» EXERCISE
Exact copy, no pictures: return only the lines below from the line with "Орхидея Chian Xen Pearl" up to and including the line with "LSDragon special edition".

------ RECORDS SHOWN ------

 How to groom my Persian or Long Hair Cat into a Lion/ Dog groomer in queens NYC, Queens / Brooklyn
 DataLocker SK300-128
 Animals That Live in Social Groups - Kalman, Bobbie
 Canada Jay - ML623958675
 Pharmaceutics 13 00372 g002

------
------ RECORDS SHOWN ------

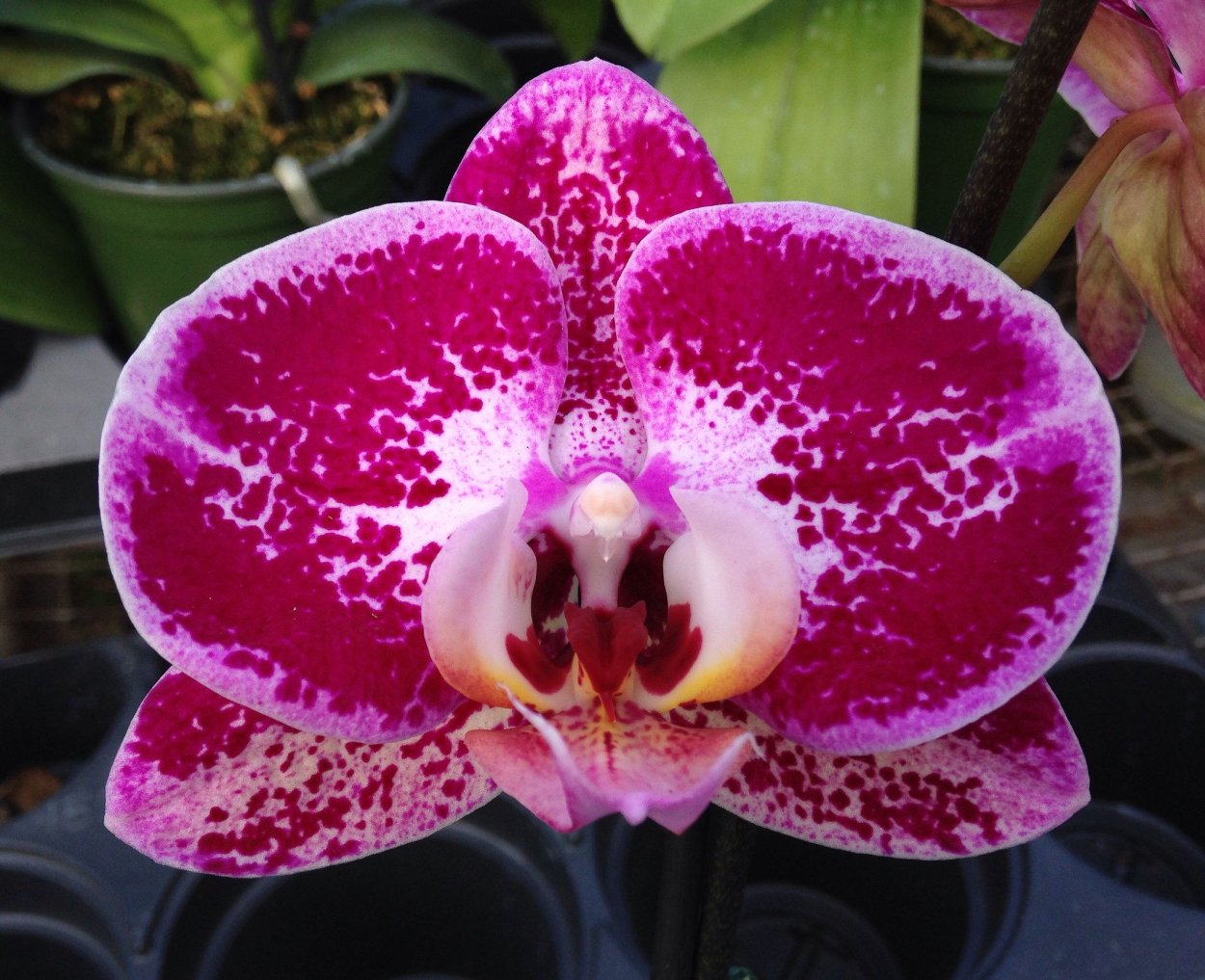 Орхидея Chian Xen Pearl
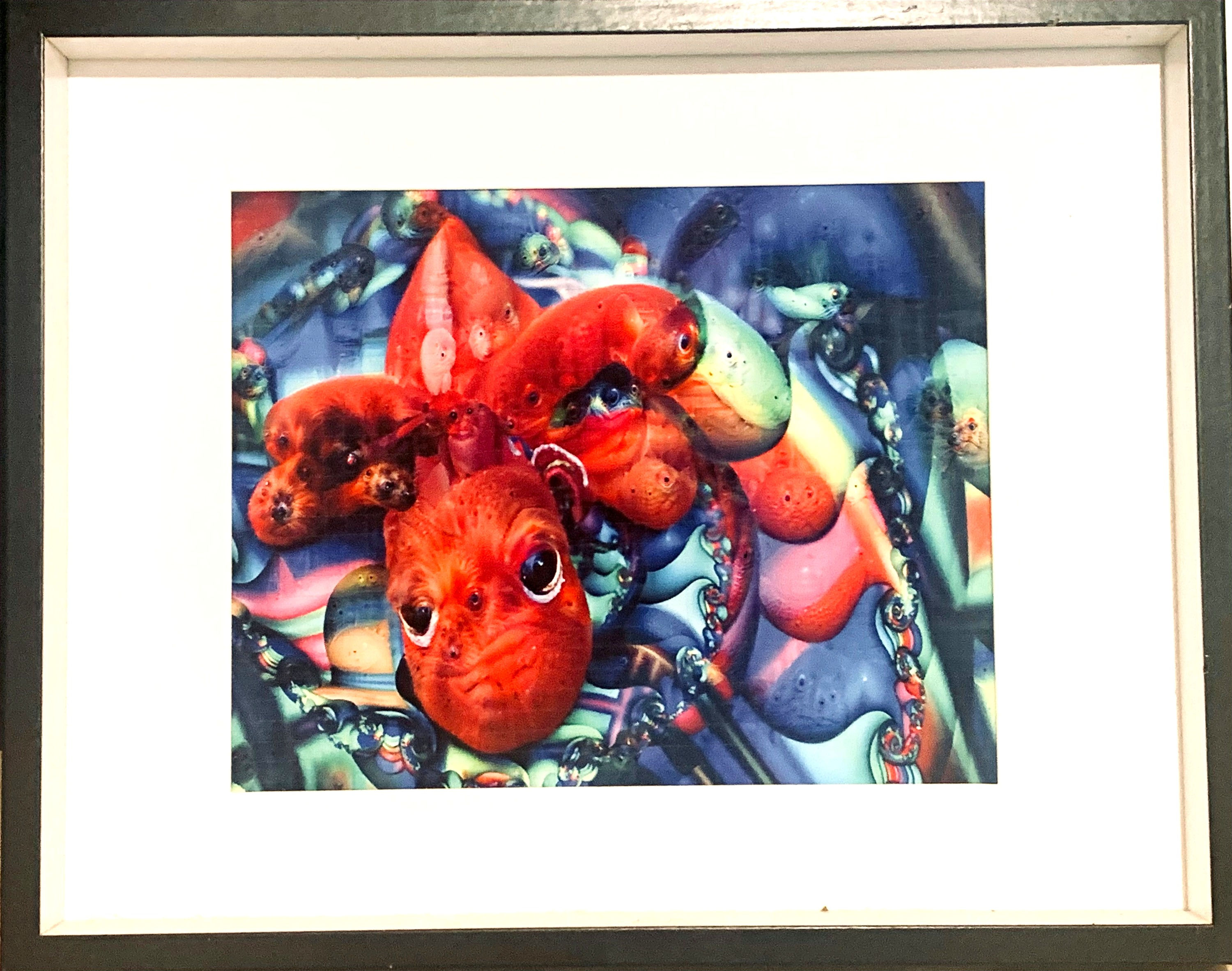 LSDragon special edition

------
------ RECORDS SHOWN ------

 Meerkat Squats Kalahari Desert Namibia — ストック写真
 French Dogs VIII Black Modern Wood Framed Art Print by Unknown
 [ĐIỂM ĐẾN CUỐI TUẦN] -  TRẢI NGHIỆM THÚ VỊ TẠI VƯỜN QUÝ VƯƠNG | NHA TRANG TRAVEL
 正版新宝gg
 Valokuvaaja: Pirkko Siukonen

------

» RESPONSE TO THE EXERCISE
 Орхидея Chian Xen Pearl
 LSDragon special edition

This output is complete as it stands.